Varí and I shared a look, but we followed. Not before I looked back at the stone. It was enormous, and we could only see a piece of it. The urge to go and touch the surface was strong, but I resisted. The kind of power it held was something you didn’t touch without fully understanding it.

Back in the room I now thought of as the kitchen, Gleym poured a hot drink. It wasn’t something I was familiar with, but it was rich, fruity, soothing, and somehow, exactly what I needed.

“You know how the sheyten changed the world?”

I’d skimmed over the conversation where I was told, but I nodded.

As she’d said, they were the reason we had magic.

The reason my hair was a color so unnatural to humans.

The reason I was a mate. The reason for almost everything.

And they were also the reason the human part of the world was dying, because we’d destroyed two of them.

“Good. But I assume you don’t know how they amplify things. They wouldn’t have had reason, or time, to tell you.”

“Amplify things?”

She nodded and sipped from her own mug. Which was not a mug that would have fallen off the side of a boat. After a moment, she fetched a small bowl and gave some of the drink to Varí , who tucked in his wings and drank deeply on the table.

I couldn’t stop my smile.

“When dragons are in close proximity to the sheyten , our abilities are amplified. We can do more than we might otherwise be able to.”

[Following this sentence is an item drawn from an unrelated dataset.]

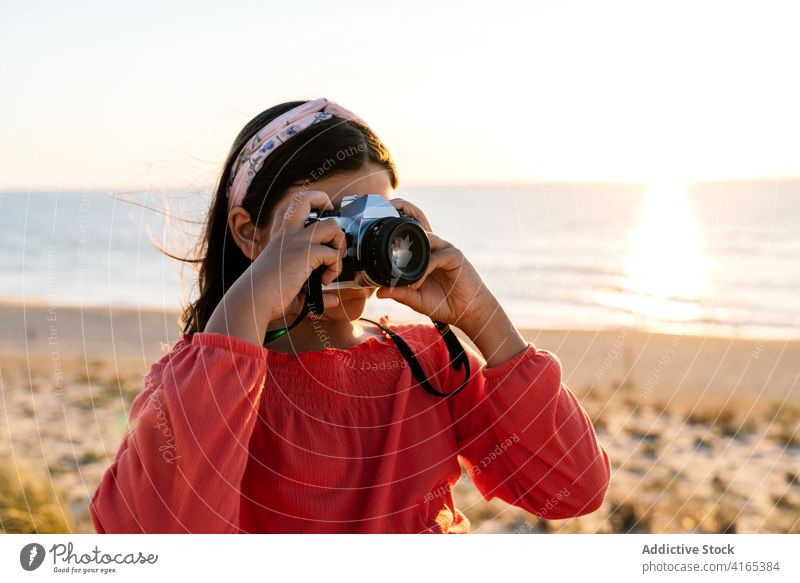Unrecognizable female teenager photographing sea at sunset girl take photo beach travel admire holiday coast sand shore nature style trendy trip seaside sundown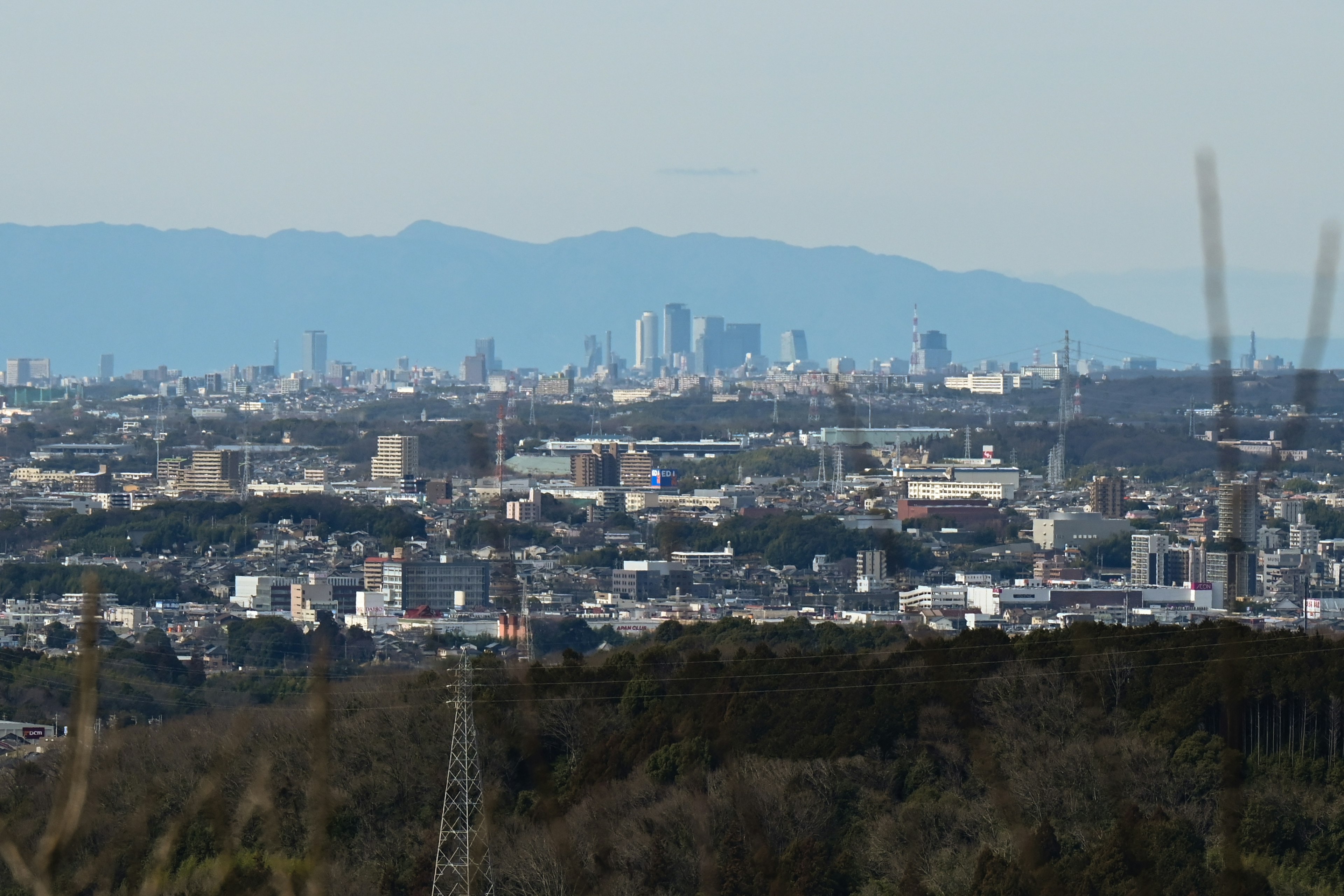 山の向こうに広がる都市の景観と電柱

Idroal came to mind. They could hear things through stone, and perhaps other material as well? They hadn’t told me. But more than once while in Skalisméra my mates had mentioned that Idroal was in contact with Doro Eche. Was that because there was a sheyten nearby?

“My ability on its own is limited to what I can see. What’s in front of me.

But this close to the sheyten , and with much, much practice, I can erase the distance between myself and the thing I desire, since I control the relationship between myself and it.

” She locked eyes with me. “It has limitations. The further the distance, the smaller the object. Which is why, even now, I cannot simply send you to the surface.”

My shoulders fell, even though I hadn’t meant to show any emotion. She’d seen my hope before I even realized it. But I took another sip and pulled my knees up to my chest. If she was talking, I was going to ask questions.

“If you can bring things to you, and you apparently have a way to get back to the surface, why are you still here?”

Gleym laughed once. “I don’t like the world, girl. Neither humans nor dragons. They tried to kill me once, and if I returned they would merely try to do so again. Why would I choose to live where I must be on edge every moment when I have created a life I enjoy? No one bothers me here.”